Why You’ll Love This Recipe
- Elegant Presentation: Served in individual ramekins, it’s a show-stopping dish that’s perfect for impressing guests.
- Rich & Creamy Flavor: The combination of white wine, cream, Gruyère, and fresh seafood creates a luxuriously deep flavor profile.
- Surprisingly Simple: Despite its gourmet appearance, the process is straightforward and achievable for cooks of all levels.
- Customizable: Easily swap the seafood based on what’s fresh and available. From classic shrimp to luxurious lobster, the possibilities are endless. For a similar dish with a pastry topping, you might also enjoy this decadent lobster pot pie recipe.
The Stars of the Show: Choosing Your Seafood
The beauty of a Seafood Cassolette lies in the medley of textures and flavors. For the best results, use a combination of firm-fleshed fish and shellfish. Here are our top recommendations:
- Shrimp: Large shrimp or prawns work best. Buy them raw and peeled to save time. If you love shrimp, you must try our simple Butter Garlic Shrimp.
- Scallops: Sea scallops add a sweet, buttery flavor. Ensure they are dry-packed for the best sear.
- Fish: A firm white fish like cod, halibut, or haddock is ideal as it holds its shape during cooking.
- Optional Luxuries: For a truly special occasion, consider adding lobster meat or mussels.

Ingredients You’ll Need
This recipe relies on high-quality ingredients to truly shine. Here’s what you’ll gather:
- Seafood: A mix of shrimp, sea scallops, and a firm white fish like cod.
- Aromatics: Shallots and garlic form the fragrant base of our sauce.
- Sauce: Butter, flour, dry white wine (like Sauvignon Blanc), heavy cream, and seafood or chicken broth create the velvety sauce.
- Cheese: Gruyère cheese adds a delicious nutty and salty flavor that melts beautifully.
- Topping: Panko breadcrumbs and fresh parsley create that irresistible golden crust.
Step-by-Step Instructions for the Perfect Seafood Cassolette
Follow these simple steps to create a stunning Seafood Cassolette. The key is to not overcook the seafood, ensuring it remains tender and juicy.
Step 1: Prepare the Topping and Aromatics
First, preheat your oven to 400°F (200°C). In a small bowl, combine the Panko breadcrumbs with melted butter and fresh parsley. Set this aside. Next, finely chop your shallots and garlic. Have all your seafood patted dry and ready to go.

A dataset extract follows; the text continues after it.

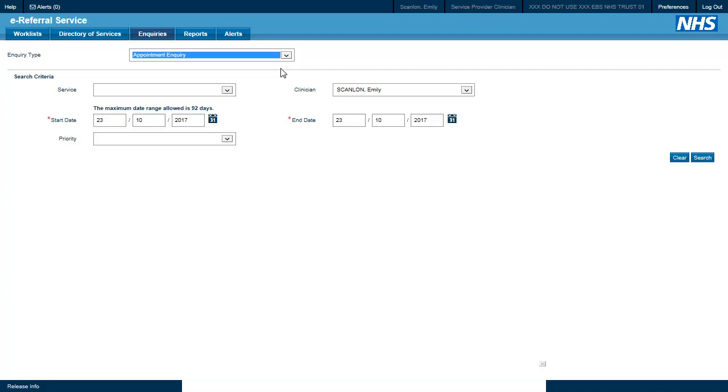The appointment enquiry allows us to see all of the appointments that are booked for a particular service, a particular clinician, and over a designated time period. We can also filter down by priority.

Step 2: Make the Creamy White Wine Sauce
In a large skillet, melt butter over medium heat. Add the shallots and cook until softened, about 3-4 minutes. Stir in the garlic and cook for another minute until fragrant. Sprinkle the flour over the shallots and cook, stirring constantly, for one minute to form a roux. Slowly whisk in the white wine, scraping up any browned bits. Let it bubble and reduce for about 2 minutes. Gradually whisk in the broth and heavy cream until the sauce is smooth. Bring to a simmer and let it thicken slightly, about 5-7 minutes. Stir in the Gruyère cheese until melted, then season with salt and pepper.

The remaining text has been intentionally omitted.